Secteur extractif : Le Cameroun lance les discussions avec les USA pour le rapatriement des Fonds Res
2026-08-28 14:31:00
Le 27 août 2026 a eu lieu à Yaoundé, le 1er Dialogue économique et commercial Cameroun-Etats Unis. Une délégation venue de Washington et conduite par la Sous-Secrétaire adjointe, chargée des affaires africaines au Département d’Etats-Unis, Sarah Troutman a fait le déplacement pour prendre part aux échanges qui ont tourné autour de trois axes : l’amélioration du climat des affaires et de l’environnement des investissements, la promotion des investissements et des partenariats, le développement du commerce bilatéral et l’accès aux marchés.

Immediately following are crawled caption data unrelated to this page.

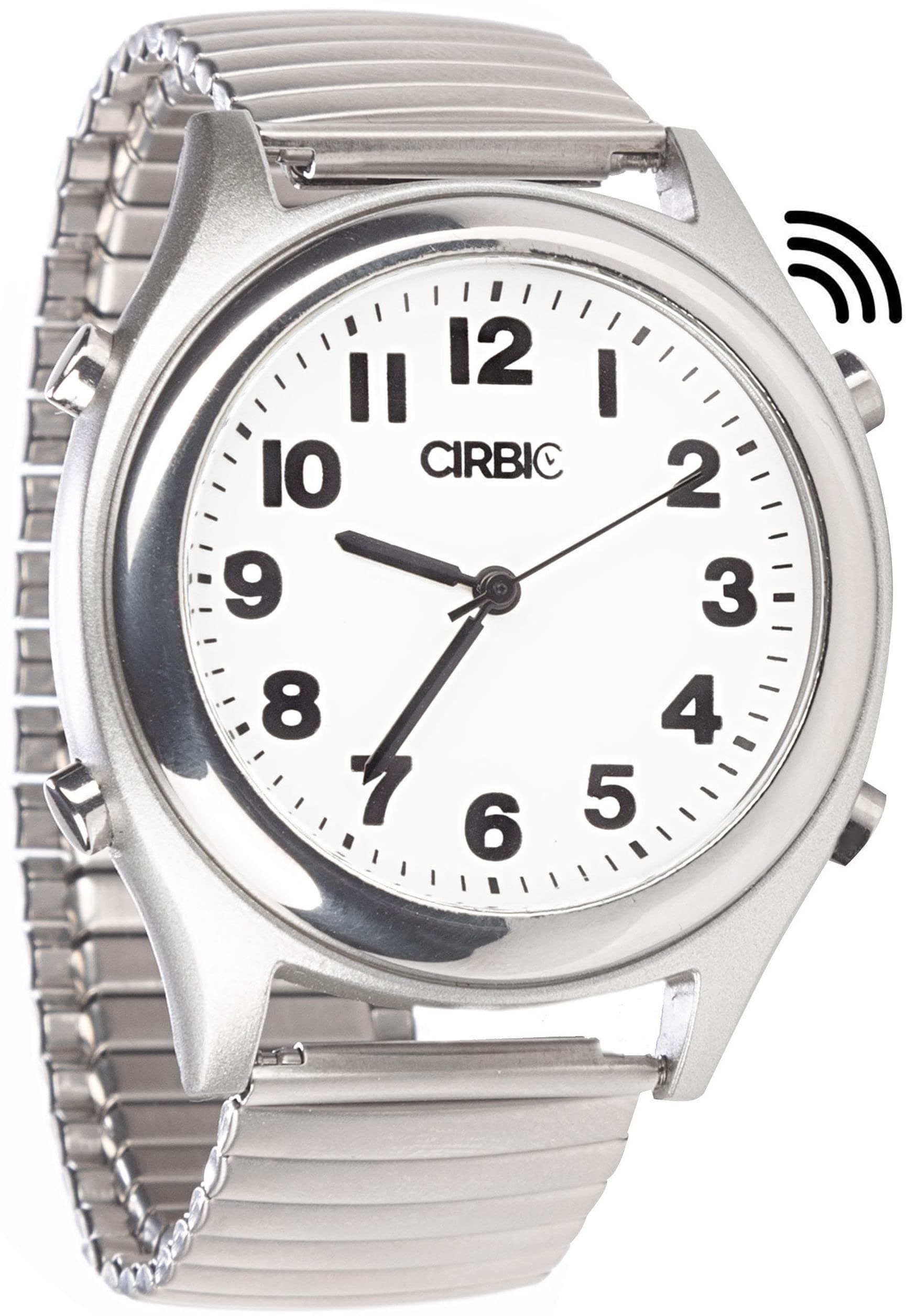Talking watch with large numbers and expandable strap, self-setting for visually impaired, blind or elder people
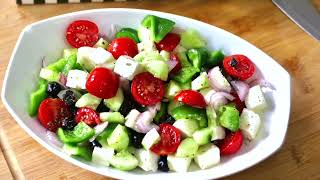 The Best Greek Salad Recipe Quick and delicious [upl. by Atinnod]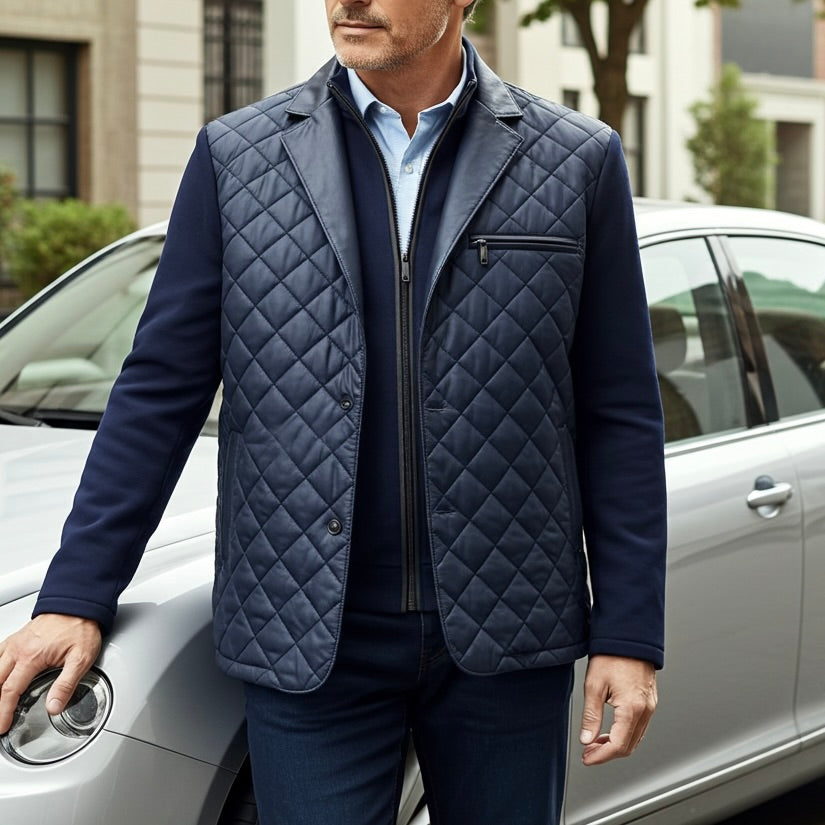 The Bentley Diamond Jersey Leather Jacket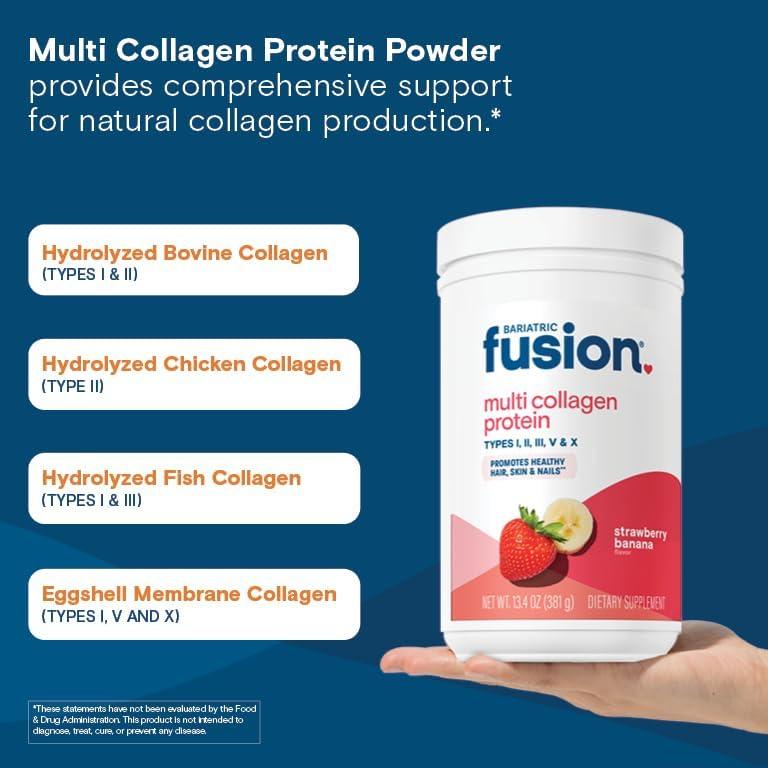 Polvo de Proteína de Colágeno Múltiple Bariatric Fusion 30 Porciones Sabor Fresa y Plátano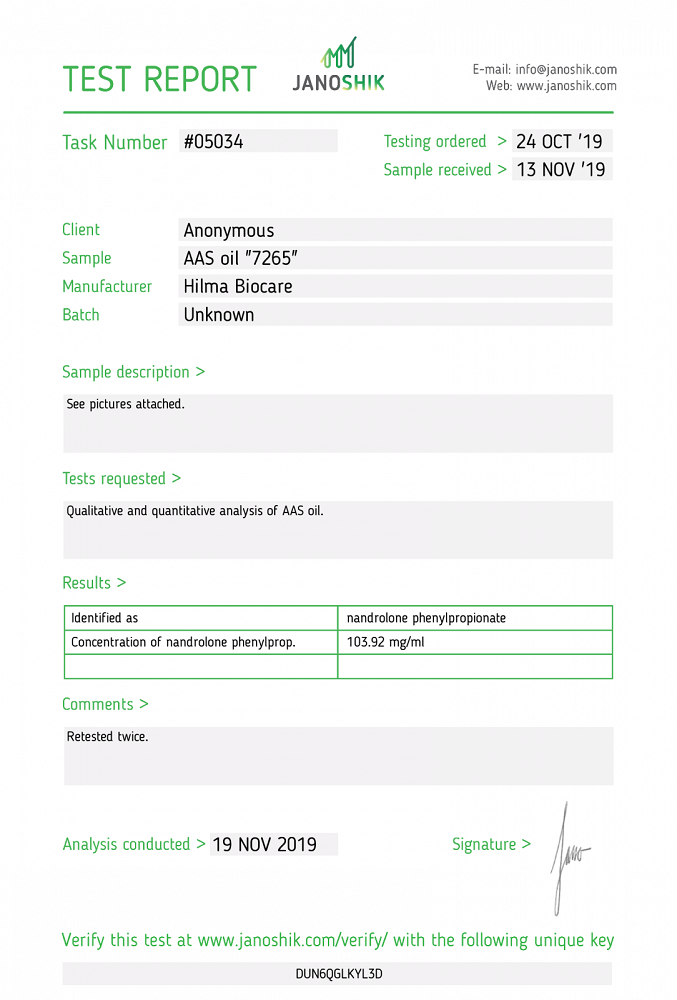 Hilma Nandrolone Phenylpropionate Lab Test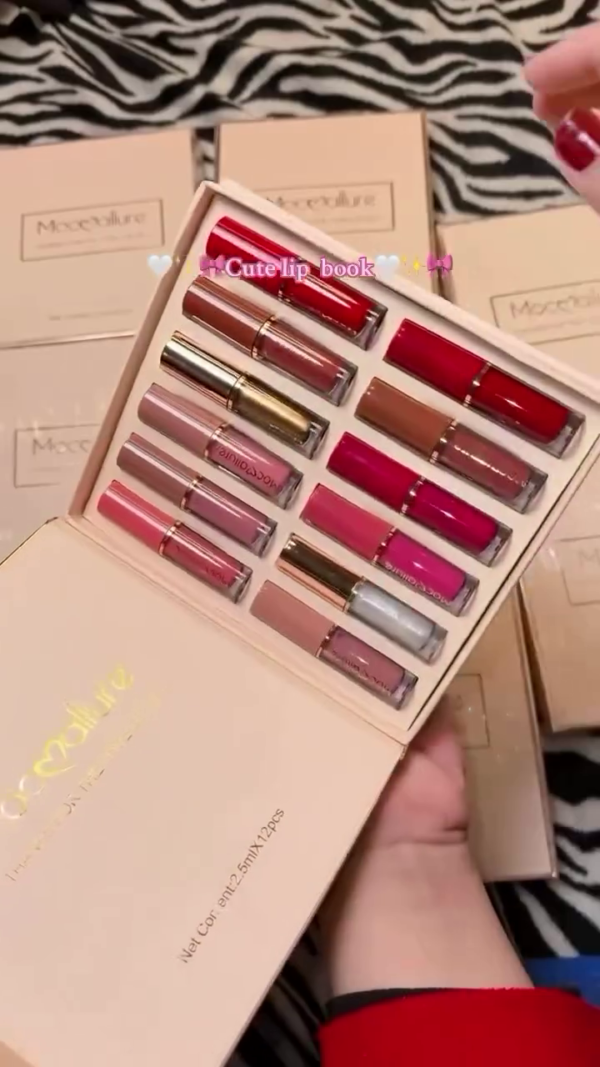 Moocallure 12-Piece Mini Liquid Lipstick Set – Velvet Matte, Glossy and Shimmer Finish Lip Colors in Book-Style Gift Box for All-Day Wear, Perfect for Travel, Gifting and Makeup Lovers - Image 2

Le Cameroun a profité de cet évènement pour mettre sur la
table des discussions, le sujet relatif à la sécurisation et au rapatriement
des Fonds destinés à la restauration des sites miniers (Fonds Res). Il
s’agit des
provisions financières constituées par les entreprises du secteur extractif
(pétrole, gaz et mines) pour remettre en état les sites exploités en fin de
vie.
Les
Fonds Res attendus par le Cameroun et les autres pays de la Communauté
économique et monétaire de l’Afrique Centrale se chiffrent entre 3000 et 8 000
milliards de FCFA. Ils sont bloqués depuis des années dans les banques
internationales. Face à plus de six années de résistances et de
négociations infructueuses menées par la Banque des Etats de l’Afrique Centrale
(Beac) face aux multinationales du secteur extractif, la banque centrale a
abandonné son approche centralisée pour privilégier des discussions bilatérales
État par État. Raison pour laquelle le Cameroun engage les discussions avec les
Etats-Unis.
Pour le Cameroun et la sous-région, le rapatriement des Fonds Res vise à renforcer les avoirs extérieurs en devises de la Banque des États de l'Afrique centrale (BEAC) et à stabiliser la couverture de la monnaie. « Nous sommes convaincus que le cadre d’un dialogue technique inclusif est approprié pour l’examen des solutions juridiques, financières et institutionnelles en matière de rapatriement des Fond Res. Une démarche qui implique la Beac en charge de la politique monétaire commune.
Son aboutissement
pourrait contribuer à une meilleure perception du climat des affaires dans
l’ensemble de la Cemac. Toute chose de nature à mobiliser encore plus
d’investissements dans le secteur minier » précise Alamine Ousmane Mey,
ministre camerounais de l’Economie, de la planification et de l’aménagement du
territoire. Les conclusions des échanges sur le sujet restent attendus.